Se la Corte Costituzionale dovesse rinvenire “profili di incostituzionalità” nell’assunto del testo legislativo, da venerdì Silvio Berlusconi tornerebbe a tutti gli effetti ad essere processabile. Tre, ad oggi, gli incerti tra i giudici chiamati ad esprimersi sul futuro giudiziario del nostro premier. A chiedere il ricorso alla Corte, i magistrati di Milano che hanno lamentato la violazione dell’art.138 della Costituzione (necessità di una legge costituzionale) e dell’articolo 3 (irragionevole sproporzione tra diritto di difesa ed esigenze della giurisdizione). Giovedì prossimo il verdetto. A fare da ago della bilancia in caso di pareggio, il voto del presidente della Corte, Ugo De Siervo, di fresca nomina su indicazione del centro sinistra, eletto appena un mese fa.
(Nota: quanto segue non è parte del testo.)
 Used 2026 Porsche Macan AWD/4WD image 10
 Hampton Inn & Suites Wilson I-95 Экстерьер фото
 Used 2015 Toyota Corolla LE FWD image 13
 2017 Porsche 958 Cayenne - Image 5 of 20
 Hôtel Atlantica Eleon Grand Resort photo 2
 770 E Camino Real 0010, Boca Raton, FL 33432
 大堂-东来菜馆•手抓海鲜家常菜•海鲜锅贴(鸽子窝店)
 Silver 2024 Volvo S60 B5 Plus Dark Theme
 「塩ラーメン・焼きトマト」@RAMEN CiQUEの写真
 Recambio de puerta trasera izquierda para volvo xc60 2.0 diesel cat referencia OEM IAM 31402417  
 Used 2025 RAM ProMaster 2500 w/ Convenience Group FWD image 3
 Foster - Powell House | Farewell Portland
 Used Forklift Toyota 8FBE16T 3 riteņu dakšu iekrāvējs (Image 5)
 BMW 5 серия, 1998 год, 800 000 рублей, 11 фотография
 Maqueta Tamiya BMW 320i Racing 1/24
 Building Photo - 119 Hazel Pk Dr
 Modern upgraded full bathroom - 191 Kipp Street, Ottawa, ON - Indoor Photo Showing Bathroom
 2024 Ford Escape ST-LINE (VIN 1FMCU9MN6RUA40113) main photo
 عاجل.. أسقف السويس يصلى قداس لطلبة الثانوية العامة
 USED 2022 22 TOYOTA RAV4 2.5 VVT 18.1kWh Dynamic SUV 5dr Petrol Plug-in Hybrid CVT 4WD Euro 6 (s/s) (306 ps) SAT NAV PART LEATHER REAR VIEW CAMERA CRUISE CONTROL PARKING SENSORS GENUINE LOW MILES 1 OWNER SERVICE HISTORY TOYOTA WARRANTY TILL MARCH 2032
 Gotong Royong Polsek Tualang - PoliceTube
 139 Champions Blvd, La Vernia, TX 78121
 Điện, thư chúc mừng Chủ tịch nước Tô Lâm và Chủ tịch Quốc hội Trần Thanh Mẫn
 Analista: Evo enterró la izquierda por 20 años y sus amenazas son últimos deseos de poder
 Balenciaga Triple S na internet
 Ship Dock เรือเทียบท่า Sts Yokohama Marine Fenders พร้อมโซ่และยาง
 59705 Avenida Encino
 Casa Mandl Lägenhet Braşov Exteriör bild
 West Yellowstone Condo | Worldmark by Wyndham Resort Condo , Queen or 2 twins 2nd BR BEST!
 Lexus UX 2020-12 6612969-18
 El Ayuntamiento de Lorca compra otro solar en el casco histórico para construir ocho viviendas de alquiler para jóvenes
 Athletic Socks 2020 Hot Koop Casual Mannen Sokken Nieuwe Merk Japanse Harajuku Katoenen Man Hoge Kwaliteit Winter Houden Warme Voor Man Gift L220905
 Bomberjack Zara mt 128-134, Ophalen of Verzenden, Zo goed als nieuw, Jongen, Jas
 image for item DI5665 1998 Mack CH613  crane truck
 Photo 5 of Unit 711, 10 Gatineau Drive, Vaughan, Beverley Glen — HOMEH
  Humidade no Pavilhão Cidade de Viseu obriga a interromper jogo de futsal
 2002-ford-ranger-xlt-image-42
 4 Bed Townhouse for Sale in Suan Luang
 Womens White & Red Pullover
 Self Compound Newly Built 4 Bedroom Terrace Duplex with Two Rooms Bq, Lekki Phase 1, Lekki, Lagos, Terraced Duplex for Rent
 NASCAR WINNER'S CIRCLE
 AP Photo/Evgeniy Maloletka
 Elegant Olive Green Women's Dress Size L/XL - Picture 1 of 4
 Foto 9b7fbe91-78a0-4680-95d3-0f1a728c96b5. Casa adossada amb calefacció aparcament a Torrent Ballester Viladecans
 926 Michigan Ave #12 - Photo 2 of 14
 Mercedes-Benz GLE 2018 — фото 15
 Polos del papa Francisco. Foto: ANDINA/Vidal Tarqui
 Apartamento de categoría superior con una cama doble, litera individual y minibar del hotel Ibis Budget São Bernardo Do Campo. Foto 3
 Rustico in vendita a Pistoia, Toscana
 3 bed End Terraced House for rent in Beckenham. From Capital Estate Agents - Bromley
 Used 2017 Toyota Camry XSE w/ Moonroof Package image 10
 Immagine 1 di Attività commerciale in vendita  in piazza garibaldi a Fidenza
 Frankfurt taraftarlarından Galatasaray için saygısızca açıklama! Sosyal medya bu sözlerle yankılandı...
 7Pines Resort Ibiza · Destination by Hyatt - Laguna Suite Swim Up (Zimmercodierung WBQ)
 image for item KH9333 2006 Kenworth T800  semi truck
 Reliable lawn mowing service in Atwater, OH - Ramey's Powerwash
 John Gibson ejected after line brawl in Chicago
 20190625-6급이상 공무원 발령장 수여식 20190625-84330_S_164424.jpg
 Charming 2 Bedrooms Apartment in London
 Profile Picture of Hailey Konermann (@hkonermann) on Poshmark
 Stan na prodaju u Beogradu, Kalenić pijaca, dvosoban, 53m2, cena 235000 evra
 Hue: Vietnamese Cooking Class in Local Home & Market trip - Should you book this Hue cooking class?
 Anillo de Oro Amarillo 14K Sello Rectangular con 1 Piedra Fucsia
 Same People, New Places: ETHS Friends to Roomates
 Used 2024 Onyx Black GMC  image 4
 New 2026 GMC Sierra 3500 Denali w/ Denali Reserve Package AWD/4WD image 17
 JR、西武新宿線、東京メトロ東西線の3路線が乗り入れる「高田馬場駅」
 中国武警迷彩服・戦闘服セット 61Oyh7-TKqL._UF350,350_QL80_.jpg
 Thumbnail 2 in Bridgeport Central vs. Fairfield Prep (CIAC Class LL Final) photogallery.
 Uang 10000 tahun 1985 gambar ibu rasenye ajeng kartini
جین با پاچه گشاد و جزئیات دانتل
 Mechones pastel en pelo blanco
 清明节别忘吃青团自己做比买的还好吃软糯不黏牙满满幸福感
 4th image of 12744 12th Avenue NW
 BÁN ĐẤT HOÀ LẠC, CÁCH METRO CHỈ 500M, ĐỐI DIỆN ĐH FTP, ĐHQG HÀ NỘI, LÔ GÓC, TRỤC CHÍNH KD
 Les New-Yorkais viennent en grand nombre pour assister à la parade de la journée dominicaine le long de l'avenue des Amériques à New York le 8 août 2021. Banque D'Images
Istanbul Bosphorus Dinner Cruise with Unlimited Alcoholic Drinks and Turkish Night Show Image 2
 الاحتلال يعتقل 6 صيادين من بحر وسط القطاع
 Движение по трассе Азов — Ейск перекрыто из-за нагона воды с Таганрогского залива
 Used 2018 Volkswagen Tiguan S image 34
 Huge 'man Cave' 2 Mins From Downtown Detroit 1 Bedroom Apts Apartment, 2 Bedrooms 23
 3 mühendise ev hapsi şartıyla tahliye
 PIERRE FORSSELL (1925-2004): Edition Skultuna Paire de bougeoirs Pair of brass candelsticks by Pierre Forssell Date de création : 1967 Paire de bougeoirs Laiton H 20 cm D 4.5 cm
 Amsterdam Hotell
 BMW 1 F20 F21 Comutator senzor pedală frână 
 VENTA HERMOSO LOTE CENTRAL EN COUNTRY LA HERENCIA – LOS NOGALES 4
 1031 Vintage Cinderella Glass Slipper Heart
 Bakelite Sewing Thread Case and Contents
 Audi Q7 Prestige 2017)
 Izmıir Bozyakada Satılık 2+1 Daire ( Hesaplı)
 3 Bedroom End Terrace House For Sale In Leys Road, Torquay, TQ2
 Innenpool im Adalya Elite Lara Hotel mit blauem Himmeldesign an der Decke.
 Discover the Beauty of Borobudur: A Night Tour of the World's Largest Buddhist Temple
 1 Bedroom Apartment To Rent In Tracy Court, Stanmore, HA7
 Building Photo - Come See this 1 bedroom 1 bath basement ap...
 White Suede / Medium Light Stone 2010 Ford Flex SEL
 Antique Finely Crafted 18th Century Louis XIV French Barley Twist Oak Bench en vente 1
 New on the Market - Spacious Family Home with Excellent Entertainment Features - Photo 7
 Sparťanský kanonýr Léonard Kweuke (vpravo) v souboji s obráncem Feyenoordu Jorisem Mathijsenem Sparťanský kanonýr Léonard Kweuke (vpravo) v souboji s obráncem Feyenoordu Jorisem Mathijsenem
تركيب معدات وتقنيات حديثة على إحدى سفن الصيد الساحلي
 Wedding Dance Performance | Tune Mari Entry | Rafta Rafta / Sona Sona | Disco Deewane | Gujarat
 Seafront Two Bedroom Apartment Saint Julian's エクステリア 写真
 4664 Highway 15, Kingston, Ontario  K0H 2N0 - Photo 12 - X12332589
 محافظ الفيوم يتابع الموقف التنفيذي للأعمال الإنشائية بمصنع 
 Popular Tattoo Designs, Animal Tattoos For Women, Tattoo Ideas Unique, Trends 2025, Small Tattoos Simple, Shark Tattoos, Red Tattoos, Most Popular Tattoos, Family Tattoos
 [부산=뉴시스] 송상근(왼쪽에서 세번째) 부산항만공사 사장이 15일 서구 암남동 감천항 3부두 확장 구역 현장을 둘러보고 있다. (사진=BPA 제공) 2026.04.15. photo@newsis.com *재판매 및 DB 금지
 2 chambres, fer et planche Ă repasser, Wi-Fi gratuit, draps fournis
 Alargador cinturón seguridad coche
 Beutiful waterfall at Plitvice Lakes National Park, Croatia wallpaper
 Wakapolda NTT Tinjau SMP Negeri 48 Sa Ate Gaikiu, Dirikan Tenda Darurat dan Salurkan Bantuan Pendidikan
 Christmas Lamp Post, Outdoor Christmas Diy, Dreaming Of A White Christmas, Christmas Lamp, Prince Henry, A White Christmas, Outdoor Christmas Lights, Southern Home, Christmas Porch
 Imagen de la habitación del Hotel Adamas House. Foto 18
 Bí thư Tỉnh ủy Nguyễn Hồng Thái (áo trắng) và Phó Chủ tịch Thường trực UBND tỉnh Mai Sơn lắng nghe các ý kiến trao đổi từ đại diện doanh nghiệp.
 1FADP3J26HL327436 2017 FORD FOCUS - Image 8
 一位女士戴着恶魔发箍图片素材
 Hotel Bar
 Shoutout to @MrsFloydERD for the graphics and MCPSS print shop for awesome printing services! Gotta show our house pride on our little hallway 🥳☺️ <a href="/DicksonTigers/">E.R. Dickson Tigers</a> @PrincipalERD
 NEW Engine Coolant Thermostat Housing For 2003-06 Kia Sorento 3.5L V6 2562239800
Il suo vice, Paolo Maddalena, è stato capo di Gabinetto dell’Istruzione durante la prima Repubblica. I giudici della Corte Costituzionale sono 15 e vengono eletti per un terzo dalla magistratura, un terzo dal Capo dello Stato e un terzo dal Parlamento riunito in seduta comune.
La Corte, inoltre, si pronuncerà domani sull’ammissibilità di sei importanti referendum che inciderebbero – se approvati – su altrettanti provvedimenti presi dal governo. Quattro riguardano la privatizzazione dell’acqua, uno il “no” al nucleare e un ultimo proprio sul legittimo impedimento. Quest’ultimo ovviamente, si svolgerebbe solo nel caso in cui i giudici dovessero dichiararlo – e perdonate il gioco di parole – “legittimo”.